** DATA EXCERPT follows **

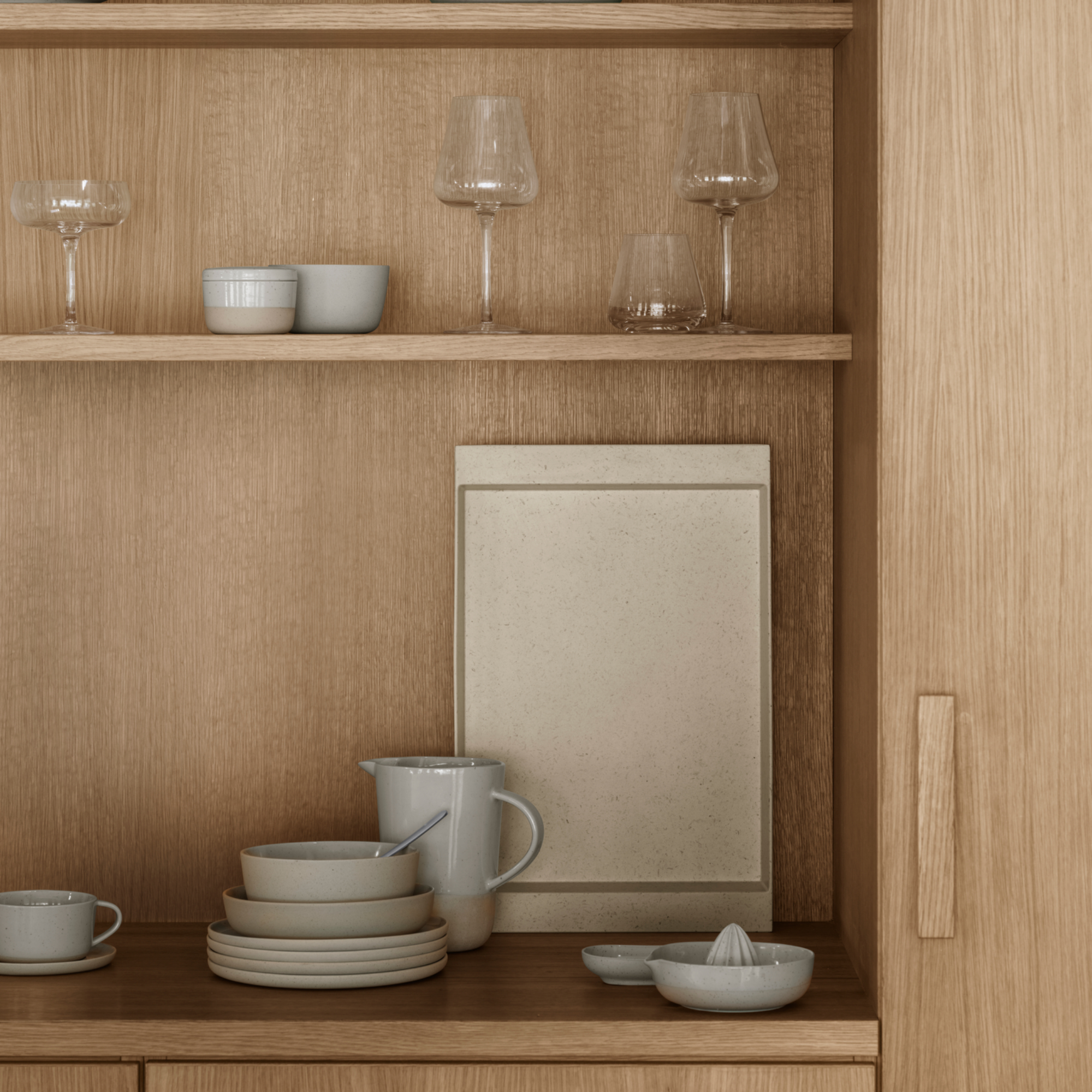 modern minimalist cabinets with dishes and ABENTO tray by blomus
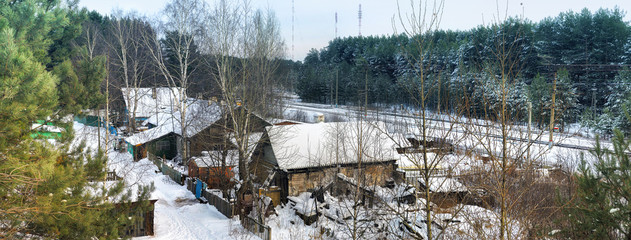 Winter rural landscape with snowy houses and pines
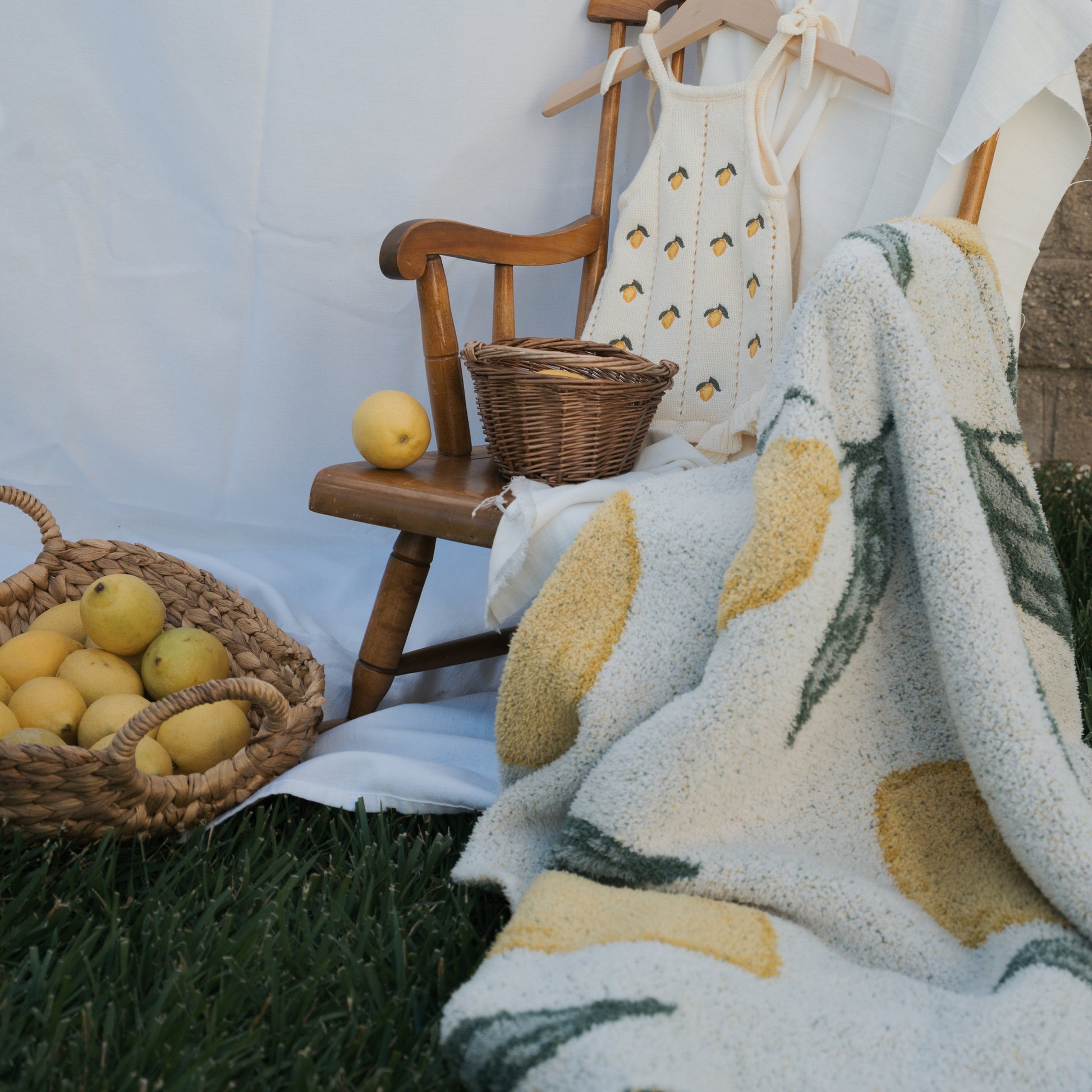 A wooden chair with a lemon-patterned dress and wicker basket sits on grass beside a woven basket of lemons and the forever french baby *PRE-ORDER* Plush Blanket | Lemon, Oeko-tex certified, all set against a white backdrop.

** End of DATA EXCERPT **

Retype all of the material above precisely as it reads. Pictures are not part of the copy.

 modern minimalist cabinets with dishes and ABENTO tray by blomus
 Winter rural landscape with snowy houses and pines
 A wooden chair with a lemon-patterned dress and wicker basket sits on grass beside a woven basket of lemons and the forever french baby *PRE-ORDER* Plush Blanket | Lemon, Oeko-tex certified, all set against a white backdrop.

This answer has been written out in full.